- What the task requires
Take the lines in the listing below from the line with "KNAFX4A66G5497405 KIA FORTE LX" up to and including the line with "Microblading/Shading" and set them down exactly, skipping pictures and adding nothing.

- Data
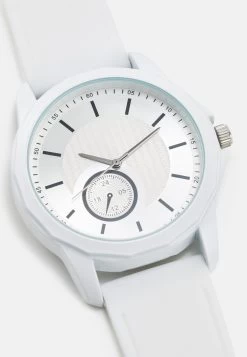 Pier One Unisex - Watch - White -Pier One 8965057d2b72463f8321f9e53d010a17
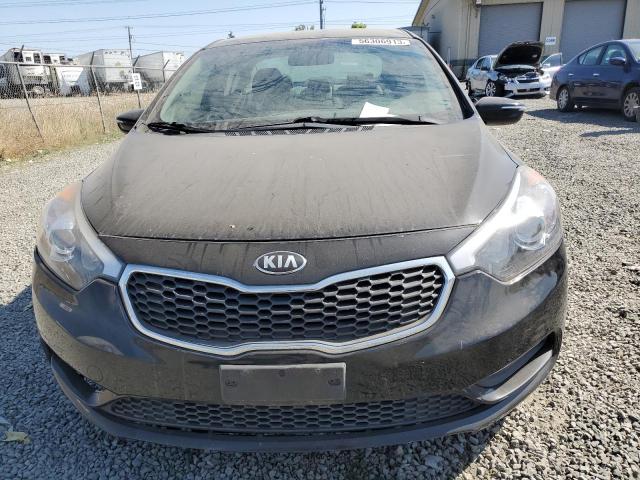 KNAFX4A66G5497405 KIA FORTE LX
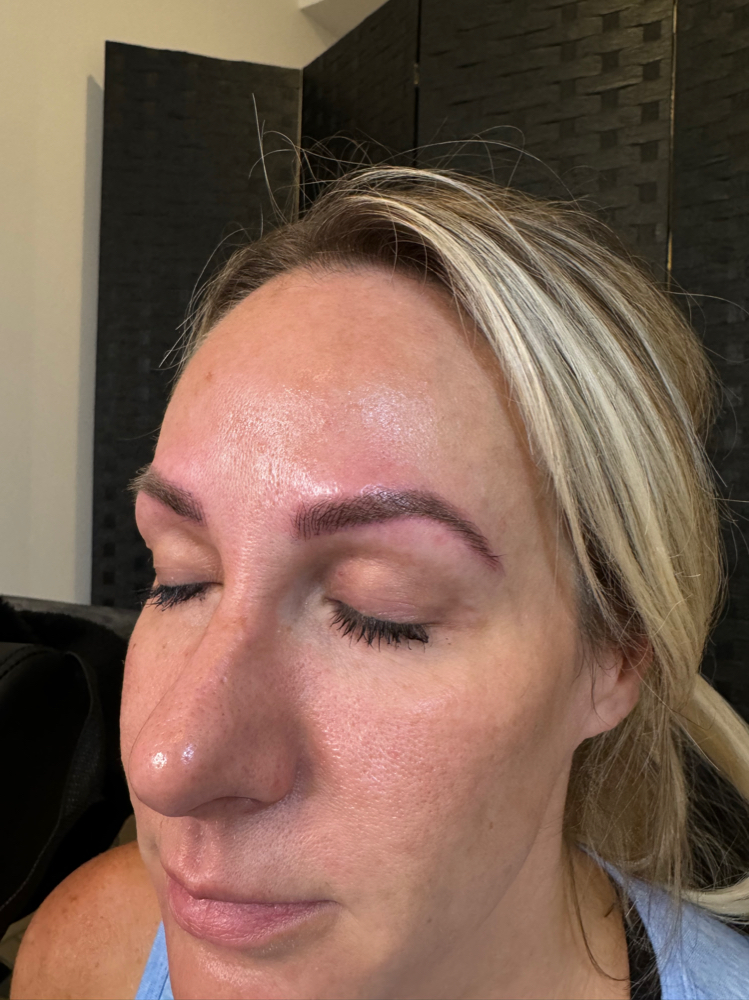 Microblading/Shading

--

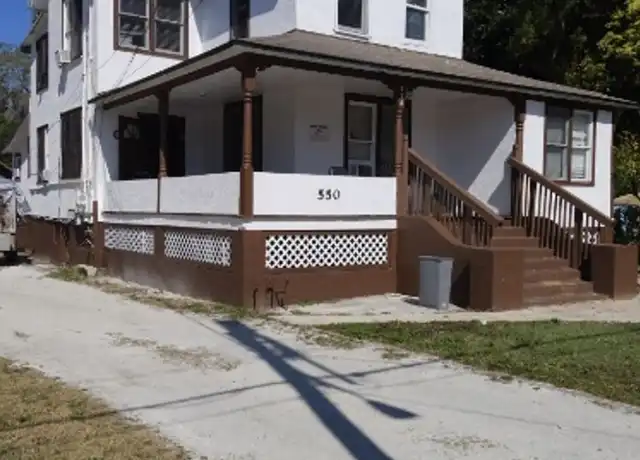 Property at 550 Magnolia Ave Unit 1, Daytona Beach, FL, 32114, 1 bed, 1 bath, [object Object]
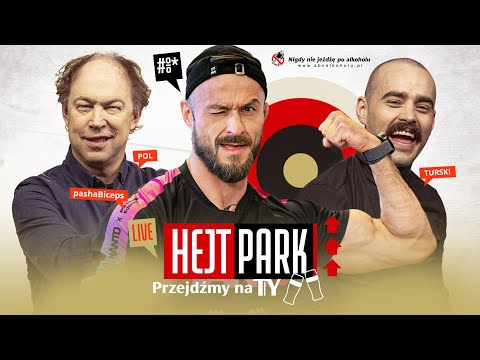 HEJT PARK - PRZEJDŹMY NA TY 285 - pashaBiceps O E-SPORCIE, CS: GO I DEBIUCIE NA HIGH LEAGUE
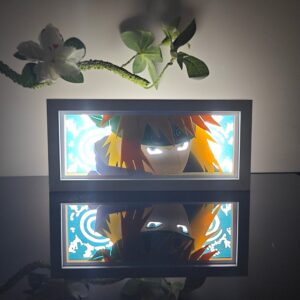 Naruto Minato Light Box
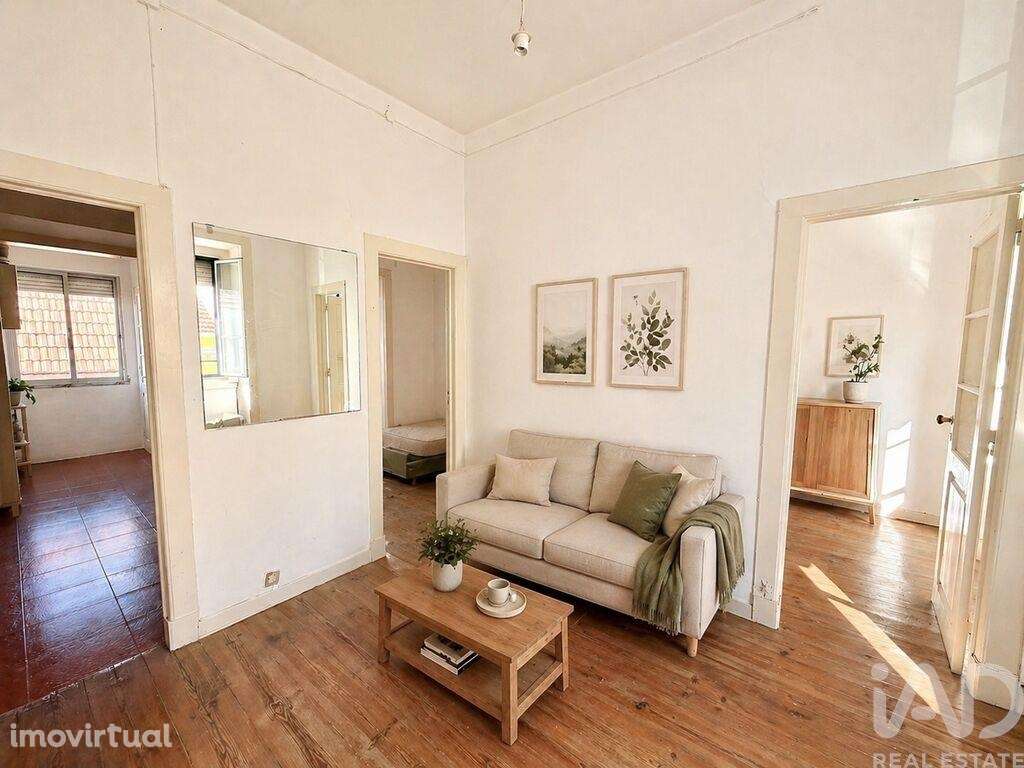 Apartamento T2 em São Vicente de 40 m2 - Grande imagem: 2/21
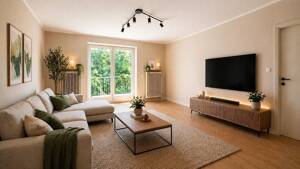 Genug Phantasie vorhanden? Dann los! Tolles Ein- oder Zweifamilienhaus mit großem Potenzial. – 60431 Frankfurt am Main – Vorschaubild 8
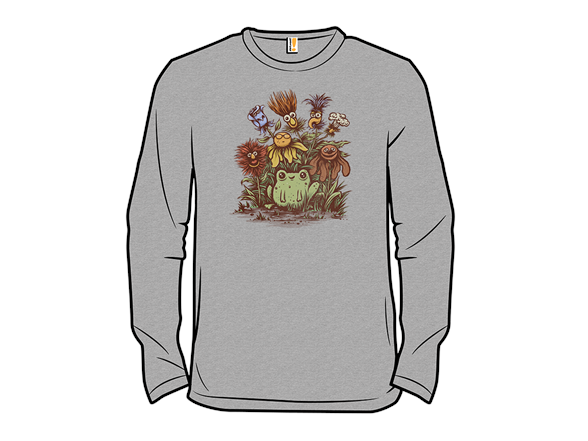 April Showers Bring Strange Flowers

- Completed exercise
 KNAFX4A66G5497405 KIA FORTE LX
 Microblading/Shading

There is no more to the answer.